▶ PROBLEM TO WORK ON: The entries are to be repeated exactly, with all pictures omitted.

▶ Short descriptive text snippets:
--

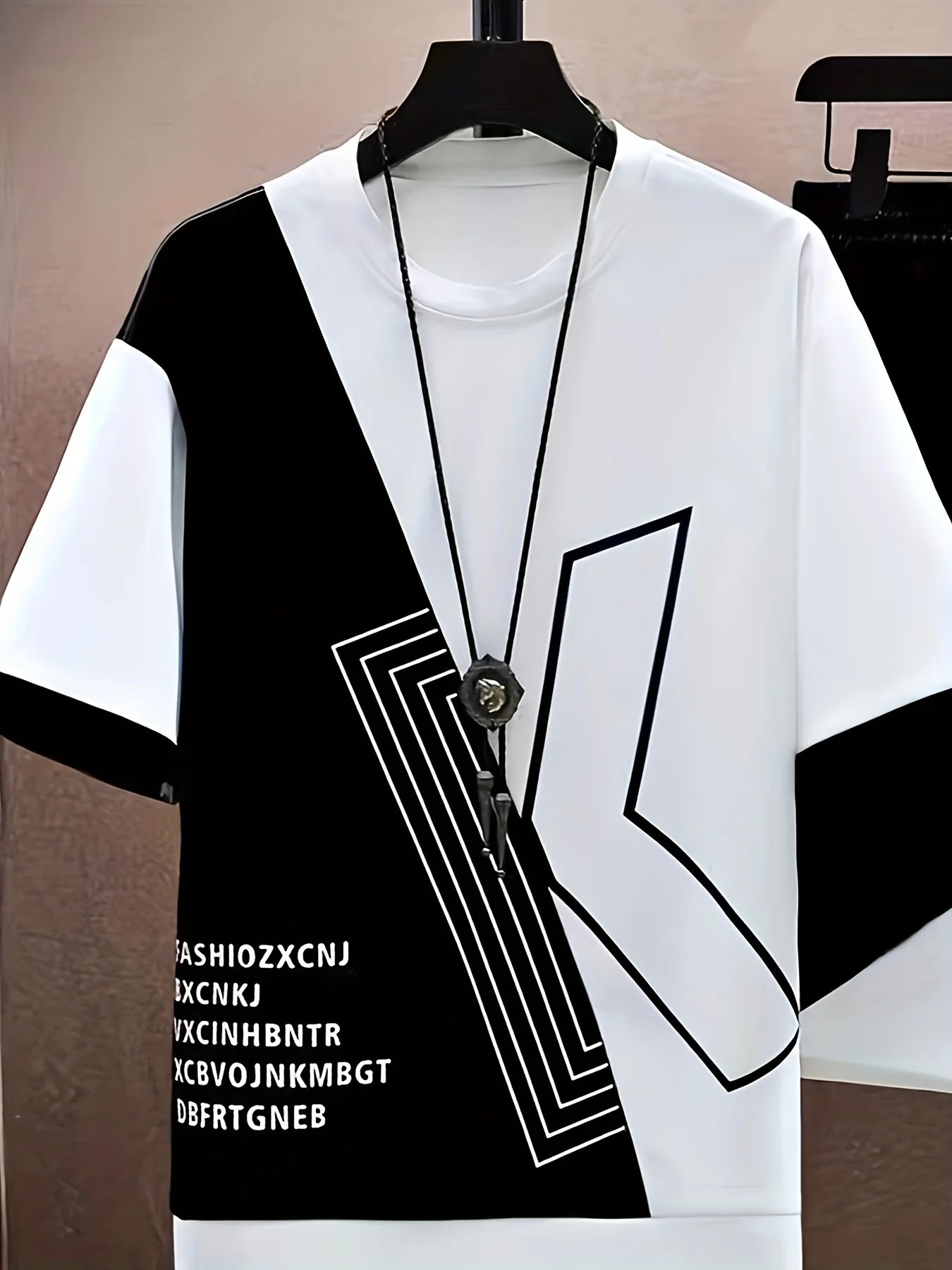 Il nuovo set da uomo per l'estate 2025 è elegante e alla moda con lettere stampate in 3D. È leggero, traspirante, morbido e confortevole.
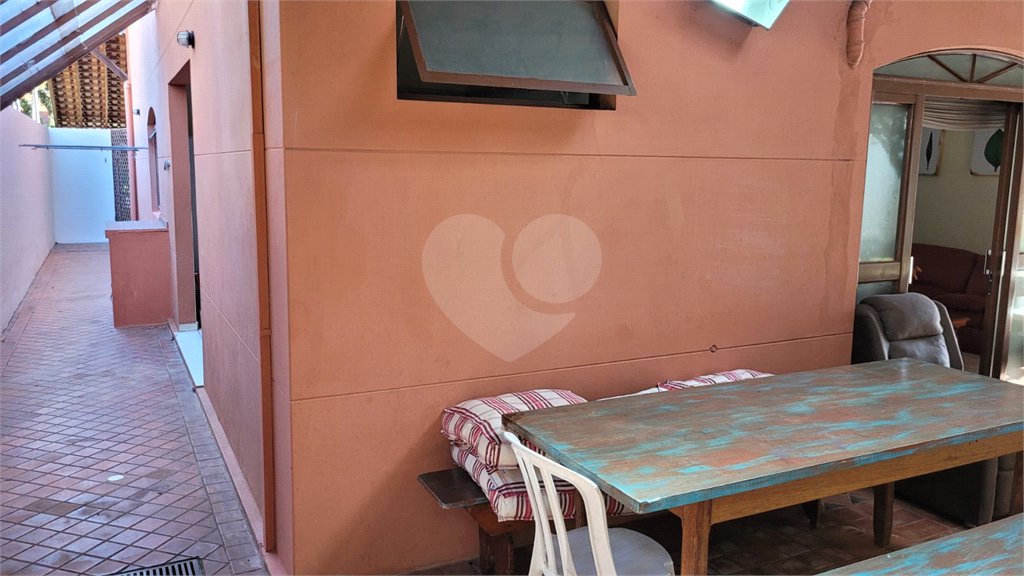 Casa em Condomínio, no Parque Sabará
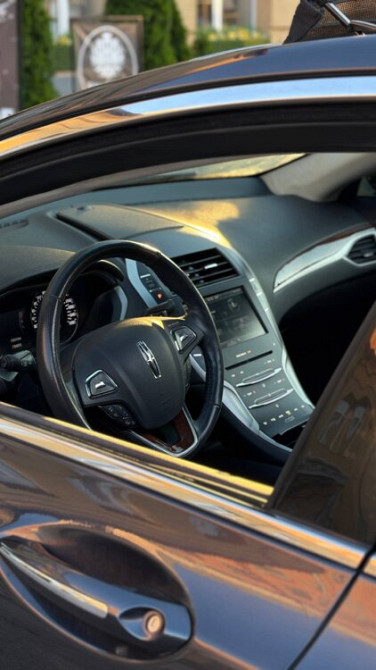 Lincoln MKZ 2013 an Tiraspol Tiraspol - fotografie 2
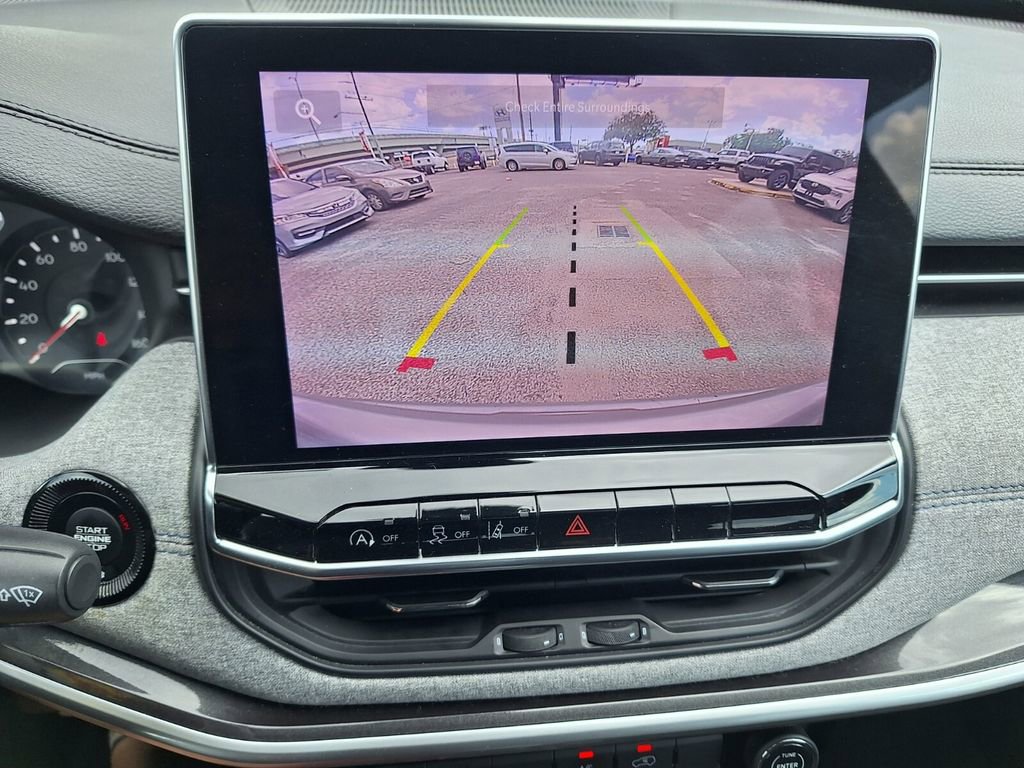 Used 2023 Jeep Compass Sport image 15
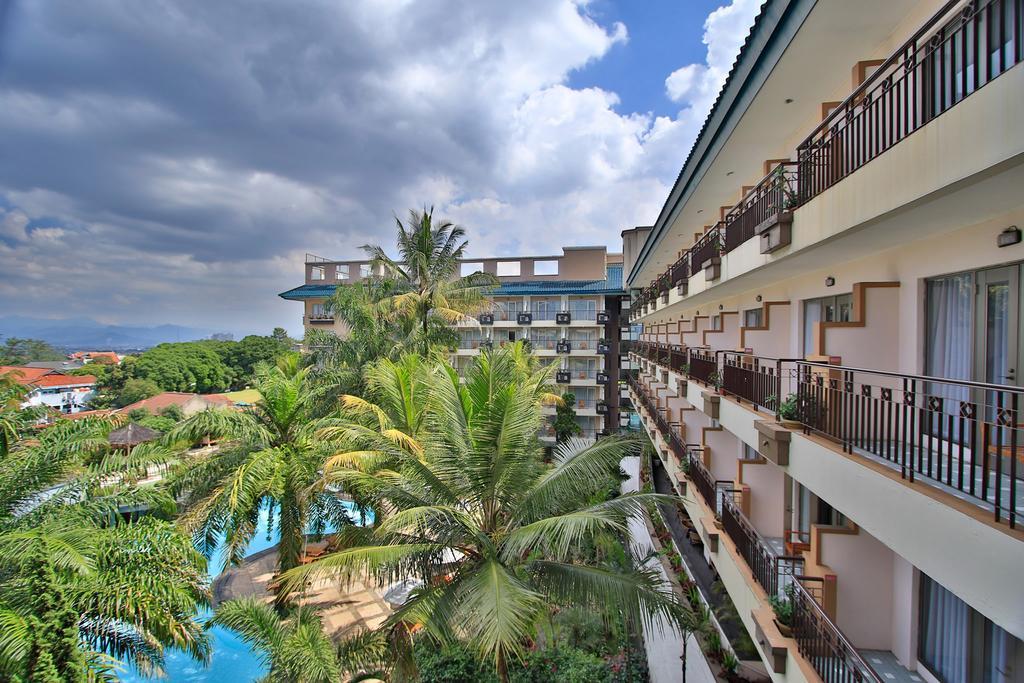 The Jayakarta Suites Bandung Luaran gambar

--

▶ EXPECTED ANSWER:
 Il nuovo set da uomo per l'estate 2025 è elegante e alla moda con lettere stampate in 3D. È leggero, traspirante, morbido e confortevole.
 Casa em Condomínio, no Parque Sabará
 Lincoln MKZ 2013 an Tiraspol Tiraspol - fotografie 2
 Used 2023 Jeep Compass Sport image 15
 The Jayakarta Suites Bandung Luaran gambar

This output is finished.